Monday, February 28, 2022

SUNDIAL, an oddly innocuous title for an anything-but-innocuous read


SUNDIAL
CATRIONA WARD

Tor Nightfire Books
$26.99 hardcover, available tomorrow (pre-orders today, of course!)

Rating: I settled on four; YMMV

READ HER INTERVIEW IN The Guardian!

The Publisher Says: You can't escape what's in your blood...

All Rob wanted was a normal life. She almost got it, too: a husband, two kids, a nice house in the suburbs. But Rob fears for her oldest daughter, Callie, who collects tiny bones and whispers to imaginary friends. Rob sees a darkness in Callie, one that reminds her too much of the family she left behind.

She decides to take Callie back to her childhood home, to Sundial, deep in the Mojave Desert. And there she will have to make a terrible choice.

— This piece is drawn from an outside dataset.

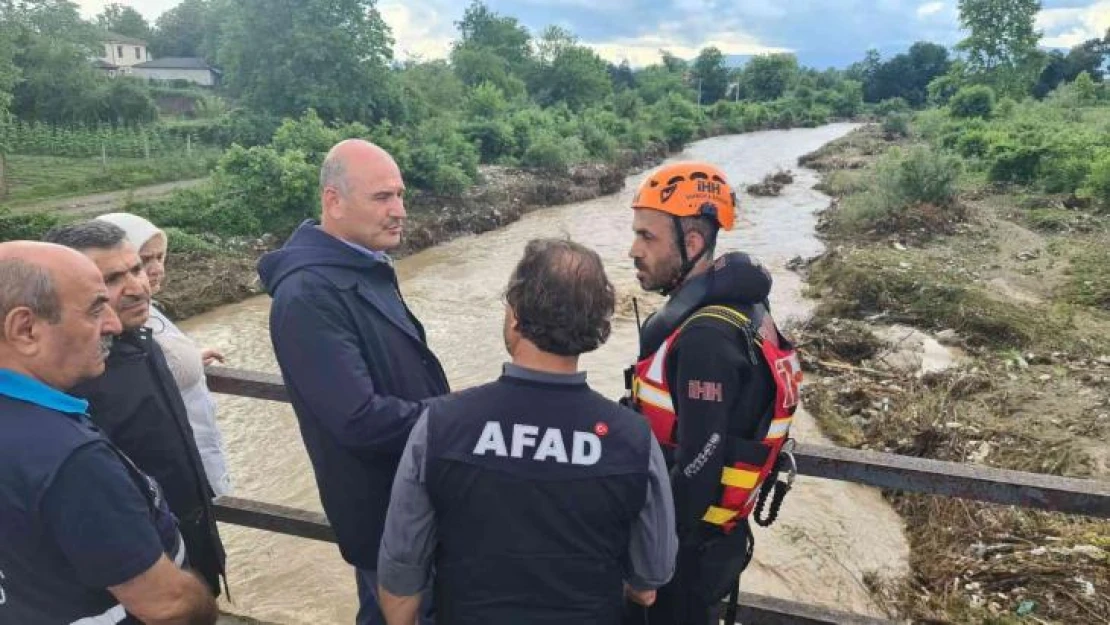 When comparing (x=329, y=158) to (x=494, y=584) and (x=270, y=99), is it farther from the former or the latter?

Callie is worried about her mother. Rob has begun to look at her strangely, and speaks of past secrets. And Callie fears that only one of them will leave Sundial alive…

The mother and daughter embark on a dark, desert journey to the past in the hopes of redeeming their future.

I RECEIVED A DRC FROM THE PUBLISHER VIA NETGALLEY. THANK YOU.

My Review
: Y'all remember how I said I wasn't a member of the Cult of the Mother? Rob, the mother at the center of the pitch-black exploration of the Dark Heart of Motherhood, isn't a big fan of it either. And she, stupid asshole that she is, had a second baby with a man she dislikes despite the fact she doesn't like the one she already has.

So why the ever-lovin' hell did I keep reading the book? And what's that star rating up there all about? I can (sort of) explain....

I hate fewer tropes more than the Noble Woman Who Keeps Her Family Together™. This is that story. And I hate that about it. I'm not interested in reading about the vileness of animal experimentation. This is that story, too. I really, really do not like to read Exceptional Child narratives. I don't really need to say it again, do I? But once you open this story up, you're In It For The Duration. Believe me when I tell you, you're not going to come out the other side the same as you went in. Rob is really a bad, bad mother in that she became one at all, ever, after what her childhood was like. It's inevitable that very bad things would follow this woman around like roast-beef-and-brussels-sprouts farts. And yet her narrative voice never does the inexcusable and becomes whiny. She gets closest to it when she discovers that her best friend isn't. But even then, very early on, her tone is "goddammit! not a-fucking-gain!" instead of "how could this happen to meeeeee?" which last is the norm for most women's fiction/domestic thrillers I've perused.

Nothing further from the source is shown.